Position Requirements:

  • Education: Bachelor’s Degree in Healthcare Management, Public Health, or Analytical Field required. Master’s Degree preferred.
  • License/Certification: N/A
  • Relevant Work Experience: At least 3 years of direct experience working in a managed care environment with information systems, data analytics, and/or provider operations.

Skills:

  • Knowledge of the Pennsylvania Medicaid program
  • Strong data analytics experience
  • Advanced critical thinking and analytical skills to interpret sometimes ambiguous requirements
  • Encourage and promote active team process engagement and individual ownership
  • Exceptional communication (verbal and written) skills
  • Strong attention to detail to ensure quality and accuracy in deliverables
  • Comfortable with ambiguity and able to set your own direction
  • Must work well under pressure and be able to meet aggressive deadline
  • Ability to manage and coordinate multiple projects and deadlines while meeting quality standards
  • Intermediate proficiency in Microsoft Outlook, Word, Excel and PowerPoint
  • Experience with Network Analysis software and reporting such as GeoAccess
  • Experienced user of Microsoft Access and SQL programming
  • Must have the ability to quickly learn and use new software tools


CBH is a dynamic organization dedicated to providing access to high-quality, accountable care to improve the health and mental wellness of our members. We proudly offer a robust compensation and benefits package, including:

  • Family Planning, Fertility, Adoption Benefits
  • 403B Retirement Plan
  • PTO Days/Sick Days
  • Wellness Program
  • Employee Assistance Program
  • Health, Dental, Vision Insurance
  • Medical, Prescription Drug Insurance
  • Tuition Reimbursement
  • Commuter Benefits
  • Flexible Spending

Philadelphia Residency Requirement:

  • The successful candidate must be a current Philadelphia resident or become a resident within six months of hire.

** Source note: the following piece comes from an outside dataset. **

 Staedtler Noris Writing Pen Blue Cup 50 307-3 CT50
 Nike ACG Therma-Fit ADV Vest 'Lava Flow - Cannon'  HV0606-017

U.S. Authorization Requirement:

  • CBH does not provide sponsorship for applicants requiring future work authorization. All candidates must be legally authorized to work in the United States without requiring sponsorship now or in the future.

Equal Employment Opportunity:

  • We strive to promote and sustain a culture of diversity, inclusion and belonging every day. CBH is an equal opportunity employer. We do not discriminate in recruiting, hiring, promotion, or any other personnel action based on all qualified individuals. This is without regard to race, ethnicity, creed, color, religion, national origin, age, sex/gender, marital status, gender identity, sexual orientation, gender identity or expression, disability, protected veteran status, genetic information or any other characteristic protected individual genetic information, or non-disqualifying physical or mental handicap or disability in each aspect of the human resources function by applicable federal, state, or local law.

Requesting An Accommodation:

  • CBH is committed to providing equal employment opportunities for individuals with disabilities or religious observance, including reasonable accommodation when needed. If you are hired by CBH and require an accommodation to perform the essential functions of your role, you will be asked to participate in our accommodation process. Accommodations made to facilitate the recruiting process are not a guarantee of future or continued accommodation once hired.